Thursday, November 28, 2019

Losses mount for Tata Group’s aviation ventures

Losses are mounting at the airline firms of the Tata Group – AirAsia India and Vistara. While Vistara’s losses in financial year 2018-19 nearly doubled to Rs 830 crore compared to the previous year, AirAsia’s losses quadrupled to over `670 crore in the same period. Tata Sons holds 51% stake in both airlines. Both have incurred losses through the past four financial years.

In FY19, AirAsia’s other expenses saw a 70% y-o-y increase to Rs 2,830.62 crore. The airline’s liabilities went up 84% y-o-y to Rs 1,537.07 crore during the year, on account of its trade payable more than doubling to `827.8 crore. The airline saw a net decrease in cash and cash equivalents of Rs 103.67 crore in FY19 against a net increase of Rs 93.47 crore in FY18.
The Tata Group infused over Rs 307 crore capital into AirAsia in FY19, according to data sourced from the ministry of corporate affairs (MCA). Tata Sons also bought 2% stake from two other shareholders, taking the company’s total holding in the airline to 51% in FY19.
The company’s auditors last year had also expressed “material uncertainty about the company’s ability to continue as a going concern,” according to financials filed by the company with the MCA.

Vistara’s losses in FY19 were primarily on account of 48.3% y-o-y increase in other expenses to Rs 3,436.31 crore. The airline’s finance costs more than doubled y-o-y to Rs 19.01 crore. The full-service carrier’s liabilities rose 41.5% y-o-y to Rs 1,123.96 crore, of which trade payables consisted of `302.73 crore, up 50% y-o-y.

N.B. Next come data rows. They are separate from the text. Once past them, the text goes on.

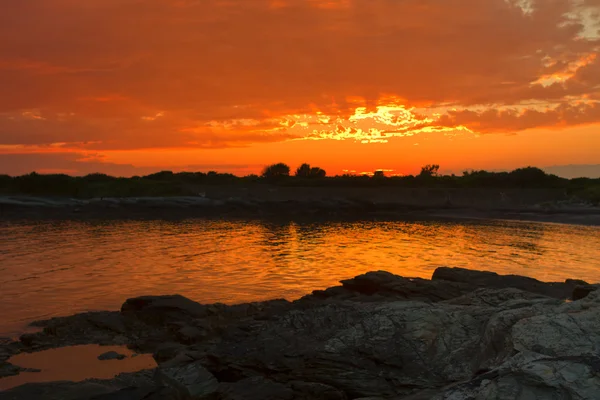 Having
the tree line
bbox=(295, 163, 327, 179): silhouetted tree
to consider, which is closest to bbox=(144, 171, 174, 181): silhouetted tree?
the tree line

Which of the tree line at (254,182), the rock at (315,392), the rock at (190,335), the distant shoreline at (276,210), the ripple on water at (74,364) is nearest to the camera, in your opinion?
the rock at (315,392)

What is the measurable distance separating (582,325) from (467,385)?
2.50 metres

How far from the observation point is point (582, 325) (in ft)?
23.2

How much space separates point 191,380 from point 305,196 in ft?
298

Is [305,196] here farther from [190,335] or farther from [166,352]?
[166,352]

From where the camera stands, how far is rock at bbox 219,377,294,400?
8.57 metres

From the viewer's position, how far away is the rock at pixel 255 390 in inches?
337

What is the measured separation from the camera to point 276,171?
121 meters

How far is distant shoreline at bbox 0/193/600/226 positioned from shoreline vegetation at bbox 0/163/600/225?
142mm

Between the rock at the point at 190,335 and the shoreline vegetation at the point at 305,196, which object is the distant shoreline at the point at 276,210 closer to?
the shoreline vegetation at the point at 305,196

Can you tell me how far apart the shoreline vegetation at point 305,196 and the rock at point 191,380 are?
193 feet

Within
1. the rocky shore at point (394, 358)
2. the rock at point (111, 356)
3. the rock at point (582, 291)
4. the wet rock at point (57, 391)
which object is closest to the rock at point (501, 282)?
the rocky shore at point (394, 358)

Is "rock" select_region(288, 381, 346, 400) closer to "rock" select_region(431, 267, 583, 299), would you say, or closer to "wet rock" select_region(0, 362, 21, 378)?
"wet rock" select_region(0, 362, 21, 378)

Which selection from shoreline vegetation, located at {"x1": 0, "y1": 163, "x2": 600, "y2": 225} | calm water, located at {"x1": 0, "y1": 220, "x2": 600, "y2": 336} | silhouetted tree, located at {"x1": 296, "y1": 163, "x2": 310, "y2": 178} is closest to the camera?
calm water, located at {"x1": 0, "y1": 220, "x2": 600, "y2": 336} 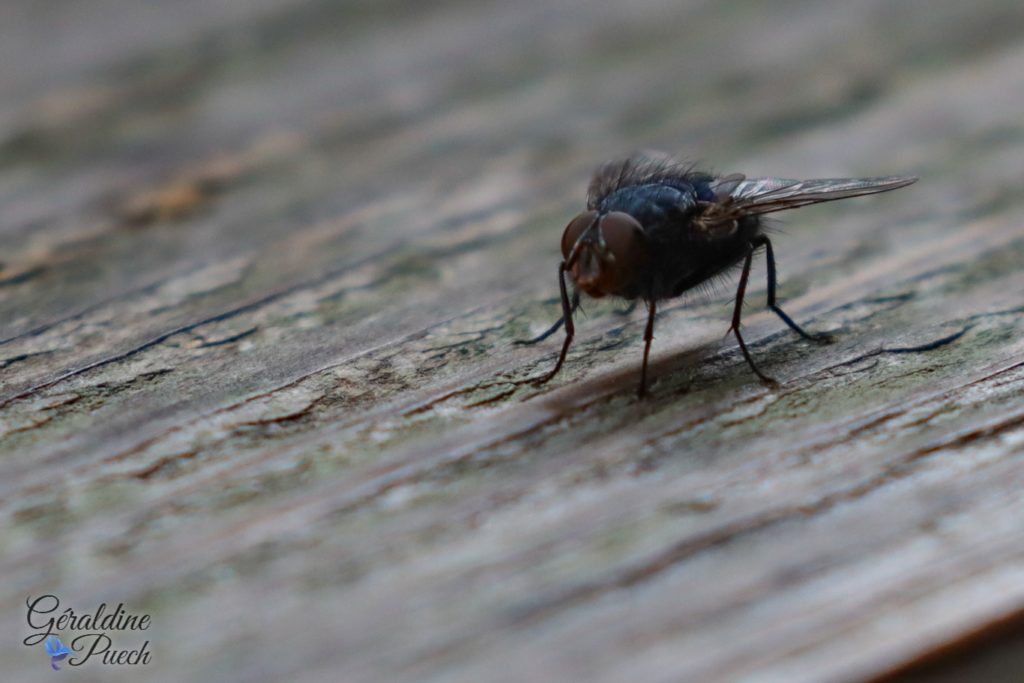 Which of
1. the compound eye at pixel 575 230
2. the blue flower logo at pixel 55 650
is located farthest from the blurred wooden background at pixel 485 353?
the compound eye at pixel 575 230

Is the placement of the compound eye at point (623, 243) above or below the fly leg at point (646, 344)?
above

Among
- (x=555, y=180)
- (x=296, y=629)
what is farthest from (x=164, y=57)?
(x=296, y=629)

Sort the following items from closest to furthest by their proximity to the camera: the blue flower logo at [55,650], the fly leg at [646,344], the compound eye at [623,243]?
the blue flower logo at [55,650]
the fly leg at [646,344]
the compound eye at [623,243]

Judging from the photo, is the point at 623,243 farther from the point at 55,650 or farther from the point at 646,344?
the point at 55,650

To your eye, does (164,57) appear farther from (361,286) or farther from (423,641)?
(423,641) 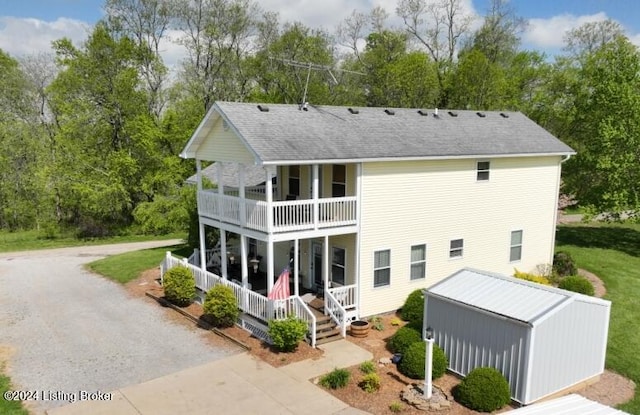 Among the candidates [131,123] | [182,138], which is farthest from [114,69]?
[182,138]

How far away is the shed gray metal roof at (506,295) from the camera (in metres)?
12.0

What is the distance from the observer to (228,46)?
4228 cm

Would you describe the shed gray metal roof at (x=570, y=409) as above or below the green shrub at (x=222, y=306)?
above

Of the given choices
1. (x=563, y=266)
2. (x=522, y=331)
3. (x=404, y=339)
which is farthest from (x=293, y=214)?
(x=563, y=266)

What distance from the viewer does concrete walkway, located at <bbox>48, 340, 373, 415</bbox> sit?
11.4 meters

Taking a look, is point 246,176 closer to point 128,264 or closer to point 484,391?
point 128,264

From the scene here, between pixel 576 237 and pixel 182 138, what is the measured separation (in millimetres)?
28646

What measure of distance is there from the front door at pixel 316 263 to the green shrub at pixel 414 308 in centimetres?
365

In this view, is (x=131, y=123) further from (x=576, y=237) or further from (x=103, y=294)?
(x=576, y=237)

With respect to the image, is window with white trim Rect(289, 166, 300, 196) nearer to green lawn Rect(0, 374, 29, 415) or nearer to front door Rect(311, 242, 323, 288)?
front door Rect(311, 242, 323, 288)

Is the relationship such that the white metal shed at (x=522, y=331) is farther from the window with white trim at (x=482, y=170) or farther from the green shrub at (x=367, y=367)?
the window with white trim at (x=482, y=170)

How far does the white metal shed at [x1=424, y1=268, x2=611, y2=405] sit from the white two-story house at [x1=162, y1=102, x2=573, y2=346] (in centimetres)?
392

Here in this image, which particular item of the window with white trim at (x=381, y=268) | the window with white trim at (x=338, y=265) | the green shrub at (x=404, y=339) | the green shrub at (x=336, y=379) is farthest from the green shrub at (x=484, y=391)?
the window with white trim at (x=338, y=265)

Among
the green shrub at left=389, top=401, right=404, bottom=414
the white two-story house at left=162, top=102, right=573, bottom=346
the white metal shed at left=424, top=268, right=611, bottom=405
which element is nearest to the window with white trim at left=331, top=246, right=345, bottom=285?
the white two-story house at left=162, top=102, right=573, bottom=346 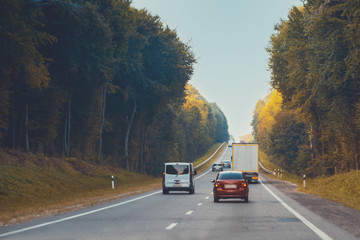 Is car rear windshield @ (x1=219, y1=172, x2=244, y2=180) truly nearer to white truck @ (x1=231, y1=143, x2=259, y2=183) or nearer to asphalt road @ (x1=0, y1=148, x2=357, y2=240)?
asphalt road @ (x1=0, y1=148, x2=357, y2=240)

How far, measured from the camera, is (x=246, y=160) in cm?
5141

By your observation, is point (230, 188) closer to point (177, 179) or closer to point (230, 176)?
point (230, 176)

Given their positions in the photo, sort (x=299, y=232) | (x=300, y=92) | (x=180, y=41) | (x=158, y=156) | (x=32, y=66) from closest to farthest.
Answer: (x=299, y=232)
(x=32, y=66)
(x=300, y=92)
(x=180, y=41)
(x=158, y=156)

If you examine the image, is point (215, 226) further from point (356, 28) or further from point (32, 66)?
point (356, 28)

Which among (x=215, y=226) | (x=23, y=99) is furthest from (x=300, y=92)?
(x=215, y=226)

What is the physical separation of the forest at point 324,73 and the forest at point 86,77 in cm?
1243

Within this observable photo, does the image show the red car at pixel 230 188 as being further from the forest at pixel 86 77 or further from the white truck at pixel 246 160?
the white truck at pixel 246 160

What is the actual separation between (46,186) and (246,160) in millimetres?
24036

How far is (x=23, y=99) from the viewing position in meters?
38.2

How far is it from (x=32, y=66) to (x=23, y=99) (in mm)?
6882

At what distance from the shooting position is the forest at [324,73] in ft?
122

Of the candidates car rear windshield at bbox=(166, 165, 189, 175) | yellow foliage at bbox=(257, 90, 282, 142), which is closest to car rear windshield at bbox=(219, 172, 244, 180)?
car rear windshield at bbox=(166, 165, 189, 175)

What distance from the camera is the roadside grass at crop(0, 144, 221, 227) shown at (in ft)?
67.7

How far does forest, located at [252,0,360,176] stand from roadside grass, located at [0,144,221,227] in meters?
14.7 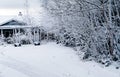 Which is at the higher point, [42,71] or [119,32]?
[119,32]

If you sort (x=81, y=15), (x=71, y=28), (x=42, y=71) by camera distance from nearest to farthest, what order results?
(x=42, y=71)
(x=81, y=15)
(x=71, y=28)

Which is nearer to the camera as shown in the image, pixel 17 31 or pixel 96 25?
pixel 96 25

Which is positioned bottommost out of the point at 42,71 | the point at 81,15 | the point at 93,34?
the point at 42,71

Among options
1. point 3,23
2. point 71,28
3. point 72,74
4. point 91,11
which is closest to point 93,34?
point 91,11

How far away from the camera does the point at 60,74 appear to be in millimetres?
10734

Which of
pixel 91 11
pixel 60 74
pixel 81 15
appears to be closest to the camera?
pixel 60 74

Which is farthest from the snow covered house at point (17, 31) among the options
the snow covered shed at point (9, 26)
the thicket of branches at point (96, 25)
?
the thicket of branches at point (96, 25)

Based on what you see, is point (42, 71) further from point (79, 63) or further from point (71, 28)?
point (71, 28)

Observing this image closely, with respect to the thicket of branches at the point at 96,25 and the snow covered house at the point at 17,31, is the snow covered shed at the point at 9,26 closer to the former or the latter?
the snow covered house at the point at 17,31

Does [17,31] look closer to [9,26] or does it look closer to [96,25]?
[9,26]

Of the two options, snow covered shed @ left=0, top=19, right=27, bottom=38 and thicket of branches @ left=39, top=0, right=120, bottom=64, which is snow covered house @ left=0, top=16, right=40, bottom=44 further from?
thicket of branches @ left=39, top=0, right=120, bottom=64

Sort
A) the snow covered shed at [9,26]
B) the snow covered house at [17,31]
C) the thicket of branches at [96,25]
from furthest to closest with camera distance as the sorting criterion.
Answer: the snow covered shed at [9,26] → the snow covered house at [17,31] → the thicket of branches at [96,25]

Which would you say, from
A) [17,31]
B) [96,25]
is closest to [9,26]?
[17,31]

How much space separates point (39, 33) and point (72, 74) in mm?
22894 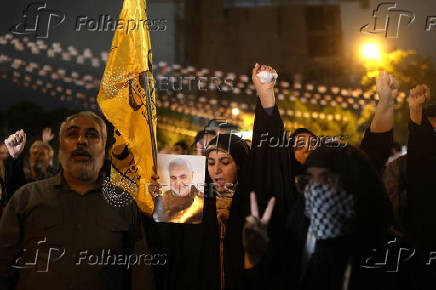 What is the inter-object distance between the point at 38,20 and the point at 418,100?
138 inches

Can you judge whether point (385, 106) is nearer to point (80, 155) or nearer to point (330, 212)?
point (330, 212)

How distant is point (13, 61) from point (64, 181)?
2.45m

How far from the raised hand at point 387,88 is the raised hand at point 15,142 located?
2.95m

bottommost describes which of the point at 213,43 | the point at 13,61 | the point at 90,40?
the point at 13,61

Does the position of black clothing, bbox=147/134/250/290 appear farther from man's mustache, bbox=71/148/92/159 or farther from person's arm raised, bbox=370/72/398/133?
person's arm raised, bbox=370/72/398/133

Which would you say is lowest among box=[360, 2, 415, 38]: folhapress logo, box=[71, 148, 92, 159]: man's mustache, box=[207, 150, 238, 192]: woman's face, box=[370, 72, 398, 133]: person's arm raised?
box=[207, 150, 238, 192]: woman's face

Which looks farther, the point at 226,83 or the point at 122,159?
the point at 226,83

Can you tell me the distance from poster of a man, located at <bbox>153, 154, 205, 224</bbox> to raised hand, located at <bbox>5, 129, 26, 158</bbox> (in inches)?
49.5

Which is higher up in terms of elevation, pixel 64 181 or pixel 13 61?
pixel 13 61

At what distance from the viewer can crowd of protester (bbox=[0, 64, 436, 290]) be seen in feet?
8.36

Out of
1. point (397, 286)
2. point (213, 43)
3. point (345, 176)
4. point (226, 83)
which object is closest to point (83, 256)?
point (345, 176)

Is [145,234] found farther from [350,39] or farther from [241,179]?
[350,39]

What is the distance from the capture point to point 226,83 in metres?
4.36

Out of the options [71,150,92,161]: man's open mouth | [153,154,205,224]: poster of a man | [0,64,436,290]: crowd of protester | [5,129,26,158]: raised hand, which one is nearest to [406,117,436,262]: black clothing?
[0,64,436,290]: crowd of protester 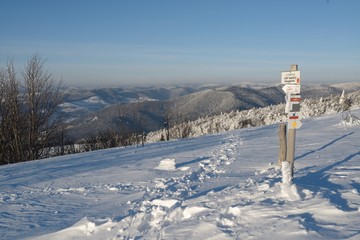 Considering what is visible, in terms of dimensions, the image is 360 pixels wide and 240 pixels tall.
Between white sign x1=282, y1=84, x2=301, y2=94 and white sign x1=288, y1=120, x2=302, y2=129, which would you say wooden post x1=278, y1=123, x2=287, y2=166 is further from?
white sign x1=282, y1=84, x2=301, y2=94

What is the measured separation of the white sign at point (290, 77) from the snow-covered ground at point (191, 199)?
1.64 meters

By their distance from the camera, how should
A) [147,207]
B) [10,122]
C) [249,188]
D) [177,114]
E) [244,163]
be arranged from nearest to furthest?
[147,207] < [249,188] < [244,163] < [10,122] < [177,114]

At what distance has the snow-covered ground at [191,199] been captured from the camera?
3967 mm

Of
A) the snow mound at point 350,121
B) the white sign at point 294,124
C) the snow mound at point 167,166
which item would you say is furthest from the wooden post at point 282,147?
the snow mound at point 350,121

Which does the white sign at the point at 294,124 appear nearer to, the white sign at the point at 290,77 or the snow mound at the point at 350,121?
the white sign at the point at 290,77

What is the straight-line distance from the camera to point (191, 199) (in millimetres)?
5320

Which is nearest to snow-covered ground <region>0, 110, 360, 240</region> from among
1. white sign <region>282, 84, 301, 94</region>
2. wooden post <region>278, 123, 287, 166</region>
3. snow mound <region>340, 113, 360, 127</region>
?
wooden post <region>278, 123, 287, 166</region>

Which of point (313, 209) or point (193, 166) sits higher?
Answer: point (313, 209)

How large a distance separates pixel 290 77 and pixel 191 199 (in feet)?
8.27

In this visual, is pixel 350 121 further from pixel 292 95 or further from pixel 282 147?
pixel 292 95

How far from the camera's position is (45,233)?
4586 millimetres

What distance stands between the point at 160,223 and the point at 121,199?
1670 mm

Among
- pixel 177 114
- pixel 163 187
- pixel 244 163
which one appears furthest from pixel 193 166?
pixel 177 114

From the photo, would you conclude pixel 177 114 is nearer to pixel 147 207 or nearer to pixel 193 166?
pixel 193 166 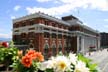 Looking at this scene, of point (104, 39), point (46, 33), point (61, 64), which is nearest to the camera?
point (61, 64)

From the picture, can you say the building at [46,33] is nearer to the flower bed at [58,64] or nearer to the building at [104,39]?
the flower bed at [58,64]

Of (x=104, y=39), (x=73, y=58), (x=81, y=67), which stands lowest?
(x=104, y=39)

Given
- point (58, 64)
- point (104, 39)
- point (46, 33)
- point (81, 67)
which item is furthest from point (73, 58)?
point (104, 39)

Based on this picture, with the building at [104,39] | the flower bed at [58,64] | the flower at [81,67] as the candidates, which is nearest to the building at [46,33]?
the flower bed at [58,64]

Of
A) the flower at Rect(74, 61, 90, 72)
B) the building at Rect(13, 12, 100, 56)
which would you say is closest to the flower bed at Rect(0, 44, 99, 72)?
the flower at Rect(74, 61, 90, 72)

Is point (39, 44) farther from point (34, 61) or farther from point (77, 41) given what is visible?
point (34, 61)

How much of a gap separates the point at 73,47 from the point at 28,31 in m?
22.1

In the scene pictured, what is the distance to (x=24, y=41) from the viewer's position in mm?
65688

The net increase in cash and cash equivalents during FY19 stood at `204.63 crore, down 23.4% y-o-y. Total capital infusion into Vistara during FY19 stood at Rs 2,200 crore, of which Tata Sons, along with nominees, infused `1,122 crore.

One of the challenges for Vistara, a joint venture between the Tata Group and Singapore Airlines, is that the full-service model has been a challenge, said analysts.